Access to the much awaited 3 nanometers is at hand for Qualcomm and MediaTek. TSMC has traditionally dedicated most of its equipment to the manufacture of Apple products. Nevertheless, starting with 2024, a new improved version of the node (Moving from N3B to N3E) will come through allowing for the entry of others two fabless manufactures.

Initial Challenges and Improvements
The yield rate of machinery in initial phases was about 55%, which did not show much promise. Thus, about half of chips on one wafer would fail the quality test. Few companies across the globe can afford such a huge amount of money to make it worthwhile. On the other hand, Apple and TSMC might have signed a special contract under which TSMC would cover the cost of defective chips while Apple would be charged only for operating ones (usually customers pay for full wafers without regard to working elements inside).

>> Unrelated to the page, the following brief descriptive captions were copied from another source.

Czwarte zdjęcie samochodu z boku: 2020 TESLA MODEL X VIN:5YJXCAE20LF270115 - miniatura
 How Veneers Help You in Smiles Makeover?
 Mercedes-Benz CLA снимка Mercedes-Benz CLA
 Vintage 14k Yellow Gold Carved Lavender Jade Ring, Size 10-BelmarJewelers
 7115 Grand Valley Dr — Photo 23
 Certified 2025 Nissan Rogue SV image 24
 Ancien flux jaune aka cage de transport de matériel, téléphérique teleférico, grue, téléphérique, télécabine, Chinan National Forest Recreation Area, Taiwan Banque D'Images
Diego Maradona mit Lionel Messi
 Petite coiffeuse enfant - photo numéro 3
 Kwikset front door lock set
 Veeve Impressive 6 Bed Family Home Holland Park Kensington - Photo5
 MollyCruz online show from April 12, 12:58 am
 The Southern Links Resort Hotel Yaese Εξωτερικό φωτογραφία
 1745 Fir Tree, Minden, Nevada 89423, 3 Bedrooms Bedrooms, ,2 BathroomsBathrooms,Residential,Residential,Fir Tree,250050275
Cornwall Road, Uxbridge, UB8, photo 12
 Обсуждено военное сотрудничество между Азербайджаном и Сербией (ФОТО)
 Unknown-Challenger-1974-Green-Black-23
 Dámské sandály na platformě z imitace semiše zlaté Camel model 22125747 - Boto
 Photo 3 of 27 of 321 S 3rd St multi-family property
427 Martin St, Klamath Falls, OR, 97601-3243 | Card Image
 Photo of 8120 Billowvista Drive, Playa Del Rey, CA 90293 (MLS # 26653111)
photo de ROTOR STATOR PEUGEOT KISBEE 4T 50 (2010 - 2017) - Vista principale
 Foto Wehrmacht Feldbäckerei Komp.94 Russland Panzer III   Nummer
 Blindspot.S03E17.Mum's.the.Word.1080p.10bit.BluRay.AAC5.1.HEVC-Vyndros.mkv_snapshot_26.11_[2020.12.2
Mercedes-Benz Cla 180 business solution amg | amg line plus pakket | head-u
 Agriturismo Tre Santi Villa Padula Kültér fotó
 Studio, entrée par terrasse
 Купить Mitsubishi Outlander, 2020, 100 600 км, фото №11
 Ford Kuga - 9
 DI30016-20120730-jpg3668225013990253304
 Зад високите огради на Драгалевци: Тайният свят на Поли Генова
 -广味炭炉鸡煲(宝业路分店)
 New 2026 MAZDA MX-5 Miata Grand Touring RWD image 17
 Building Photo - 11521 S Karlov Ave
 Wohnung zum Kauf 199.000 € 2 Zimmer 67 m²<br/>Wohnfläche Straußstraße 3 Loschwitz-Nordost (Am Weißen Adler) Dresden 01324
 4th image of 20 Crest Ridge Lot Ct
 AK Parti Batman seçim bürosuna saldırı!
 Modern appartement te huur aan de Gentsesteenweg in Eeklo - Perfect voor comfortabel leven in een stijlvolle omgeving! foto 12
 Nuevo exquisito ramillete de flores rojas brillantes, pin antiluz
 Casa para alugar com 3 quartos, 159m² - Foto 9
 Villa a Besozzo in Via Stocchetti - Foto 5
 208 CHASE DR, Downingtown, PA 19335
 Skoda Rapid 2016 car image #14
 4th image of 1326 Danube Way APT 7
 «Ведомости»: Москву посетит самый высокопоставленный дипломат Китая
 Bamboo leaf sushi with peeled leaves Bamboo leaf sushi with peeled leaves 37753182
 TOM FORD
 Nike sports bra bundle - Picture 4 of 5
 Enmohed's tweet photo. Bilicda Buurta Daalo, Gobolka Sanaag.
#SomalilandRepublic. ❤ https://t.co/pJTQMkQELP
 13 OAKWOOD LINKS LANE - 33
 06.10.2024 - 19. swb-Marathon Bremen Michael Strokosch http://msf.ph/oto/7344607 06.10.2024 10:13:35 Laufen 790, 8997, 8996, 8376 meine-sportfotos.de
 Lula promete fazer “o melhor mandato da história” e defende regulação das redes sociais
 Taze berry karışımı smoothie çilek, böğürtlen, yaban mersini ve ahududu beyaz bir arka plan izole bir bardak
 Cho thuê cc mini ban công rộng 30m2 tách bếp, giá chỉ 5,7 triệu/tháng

Progress and Production Scale
Improvements have occurred relatively swiftly. The yield rates had been forecasted to increase toward the range of about 70% even earlier, as reported in August. The current capacity of TSMC is up to 60,000 to 70,000 wafers per month. In a nutshell, this number is projected to go beyond 100 thousand in waves by the end of 2024 making the cost per wafer cheaper. The development will enable other chip makers who want to leverage TSMC’s advanced technology.

Future Prospects
This opens up a path toward the manufacturing of a Snapdragon 8 Gen 4 as well as a Dimensity 9400 by the 3 nm process in real life perspective. In summary, N3 project is estimated to record a 10 percent contribution of TSMC in terms of revenue for the coming year, as against 5 percent that was recorded in 2023. Translated, this means that a few chips, such as the A17 Pro for iPhone 15 Pro and Pro Max and the M3 series chips in recent Mac laptops could fetch estimated annual revenue of about $3.1 billion in 2023.